According to Xinhua News Agency, on the 12th Jules Hurst, Acting Comptroller General of the U.S. Department of Defense, said the United States spent about $11 billion last week on military operations against Iran. This is the first time the U.S. government has publicly estimated the cost of the conflict.
The website of Politico reported that on that day Hurst disclosed this “rough estimate” at a defense meeting in the U.S. capital, Washington, D.C. He also said that the Office of the Comptroller of the Department of Defense is preparing a more specific figure for an application for additional budget, with the plan to submit it to the White House and the U.S. Congress within a few days.
The Center for Strategic and International Studies estimates that in the first 100 hours after the outbreak of the conflict, the costs of air and maritime strikes were about $3.7 billion. The conservative think tank, the American Enterprise Institute, believes the cost so far is between $11.2 billion and $14.5 billion.
In Europe, governments are facing a dual pressure: higher defense spending and potential energy subsidies. This week, European Commission President Von der Leyen proposed a number of measures, including a natural gas price cap. Andrzej Szczepaniak, a senior European economist at Nomura Securities, analyzed that European governments may replicate the response path taken during the 2022 energy crisis by financing crisis-related spending through issuing joint bonds via the European Union, which would create structural pressure for the eurozone bond market.
Chris Arcari, Head of Capital Markets at Hymans Robertson, pointed out that compared with the energy crisis triggered by the 2022 Russia-Ukraine conflict, governments currently have less fiscal room, with both debt burdens and interest costs already higher. This time, the bond market may be less willing to “buy into” such a large-scale fiscal expansion, and at least would require higher real yields as compensation.
Israel carries out large-scale airstrikes on Iran
Regarding the Middle East situation, according to Xinhua News Agency, the Israel Defense Forces issued a statement on March 13 saying that the Israeli military has begun a new round of “large-scale strikes” on infrastructure in Tehran, Iran’s capital.
In addition, according to reports from Iranian media, multiple explosions were heard in western Tehran on the same day.
In the morning of March 13 local time, the Israel Defense Forces released a statement saying that over the past day, the Israeli Air Force dispatched dozens of fighter jets to carry out 20 large-scale airstrikes on western and central Iran, striking more than 200 Iranian targets. These included ballistic missile launch installations, air defense systems, and weapons production facilities.

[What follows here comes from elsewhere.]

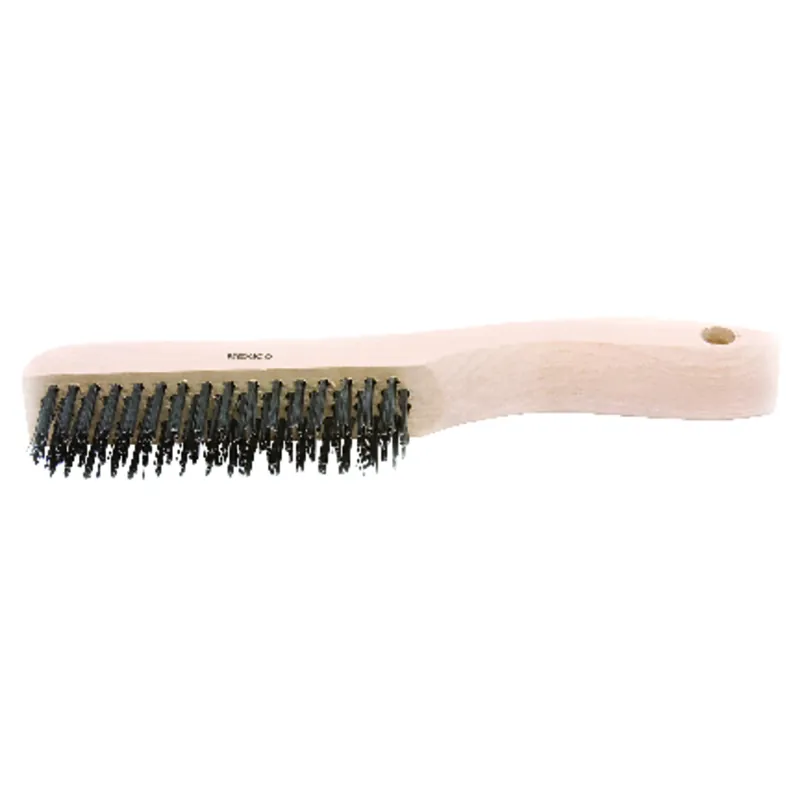 Shoe-Handle Wire Brush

The Israeli military said that since the start of its strike campaign against Iran at the end of February, the Israeli Air Force has carried out hundreds of airstrikes on Iranian targets in order to weaken Iran’s capability to conduct missile attacks against Israeli territory.
With the Strait of Hormuz blockade layered on top of the Middle East conflict’s impact, Goldman Sachs expects Brent crude oil’s average price in March to break into three digits. At the same time, it warned that prices may gradually fall back in the second half of the year.
According to Reuters, Goldman Sachs said on Friday (March 13) that, affected by the Iran war, damage to Middle Eastern energy infrastructure, and disruptions to transportation through the Strait of Hormuz, it expects Brent crude oil’s average price in March to exceed $100 per barrel, while the April average will fall to $85.
Although oil prices may face upward pressure in the near term, Goldman Sachs is relatively cautious about its full-year price outlook. If disruptions to oil flows do not worsen further, it expects Brent crude oil prices to gradually decline to the low $70 range by the end of the year.
As of 16:20 Beijing time on the 13th, Brent crude oil futures were up 1.71%, at $102.18 per barrel, with this week’s cumulative gain exceeding 8%. WTI crude oil futures were up 1.79%, at $97.46 per barrel, with this week’s cumulative gain exceeding 7%.